Nach Taliban-Vorstoß
Kabul: „Friedliche Machtübergabe“ angekündigt
Die afghanische Regierung hat angesichts der bis an den Stadtrand der Hauptstadt Kabul vorgerückten Taliban eine „friedliche Machtübergabe“ angekündigt. „Es wird keinen Angriff auf die Stadt geben“, sagte Innenminister Abdul Sattar Mirsakwal am Sonntag in einer aufgezeichneten Ansprache. Demnach soll eine „Übergangsregierung“ gebildet werden.
Zuvor hatte das Innenministerium berichtet, dass die Taliban bereits mit dem Angriff auf Kabul begonnen hätten. Die Sicherheit der Hauptstadt sei garantiert, versprach der Innenminister jetzt. Mirsakwal rief die Menschen dazu auf, keiner Propaganda anheimzufallen. „Die Leute brauchen sich keine Sorgen zu machen, die Stadt ist sicher“, erklärte er. Jeder, der Unordnung in der Stadt verursache, werde in Übereinstimmung mit dem Gesetz behandelt.
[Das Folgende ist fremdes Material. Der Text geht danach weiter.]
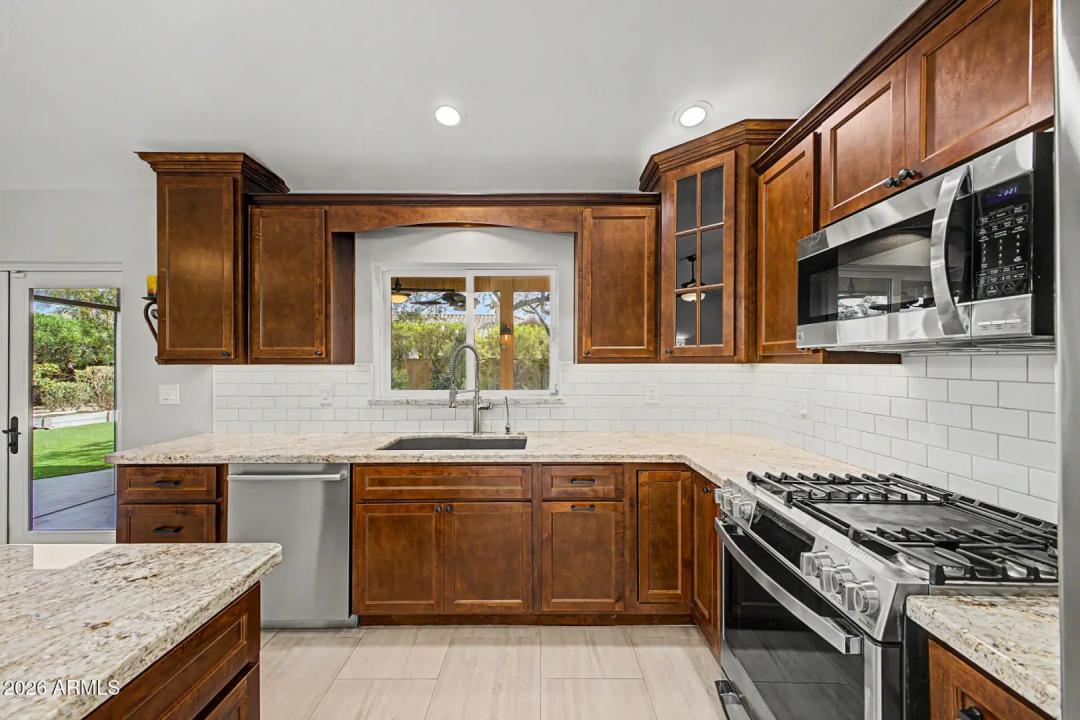 Real Estate Picture 6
Taliban bestätigen Gespräche
Kurz zuvor hatte ein Taliban-Sprecher der BBC gesagt, er könne bestätigen, dass es Gespräche mit dem Präsidentenpalast über eine friedliche Machtübernahme gebe. Der Leiter des Hohen Rates für Nationale Versöhnung, Abdullah Abdullah, organisiere diese. Es werde eine neue Regierung angestrebt, an der alle Afghanen beteiligt seien, sagte der Sprecher. Er versicherte, dass die Rechte von Frauen respektiert würden. Frauen würden Zugang zu Bildung haben und auch arbeiten sowie alleine das Haus verlassen dürfen. Strafen wie Hinrichtungen, Steinigungen und Amputationen müssten von Gerichten entschieden werden. Medien solle eine kritische Berichterstattung erlaubt werden.
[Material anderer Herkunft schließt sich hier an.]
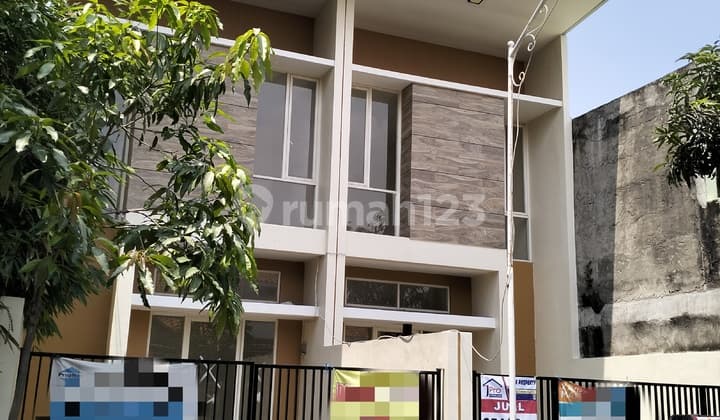 Rumah -2 lantai-Kota Baru - Driyorejo - Gresik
Afghanische Delegation soll in Katar verhandeln
Auch Verteidigungsminister Bismillah Chan Mohammadi erklärte in einer auf Facebook veröffentlichten Videoansprache, er als Vertreter der Streitkräfte garantiere die Sicherheit Kabuls. Die Menschen sollten nicht in Panik verfallen. Es sei bekannt, dass sich Präsident Ashraf Ghani mit heimischen Politikern getroffen habe und ihnen die Verantwortung übertragen habe, eine Delegation aufzustellen, die am Montag in die katarische Hauptstadt Doha reisen solle, um mit den Taliban eine Einigung zu erzielen. Die Sicherheit von Kabul werde aufrechterhalten, bis eine Einigung erzielt wird, sagte er.
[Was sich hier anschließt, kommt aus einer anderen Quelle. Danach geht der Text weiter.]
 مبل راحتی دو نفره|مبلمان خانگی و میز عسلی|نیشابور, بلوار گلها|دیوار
Viele Menschen wollen indes aus der Stadt fliehen. Einwohner eilen zum Flughafen. Eine ARD-Journalistin schrieb auf Twitter von einer „angespannten, hektischen Stimmung“ (siehe unten). Berichten zufolge haben die Taliban ihre Kämpfer angewiesen, allen, die die Stadt verlassen wollen, sicheres Geleit zu gewähren.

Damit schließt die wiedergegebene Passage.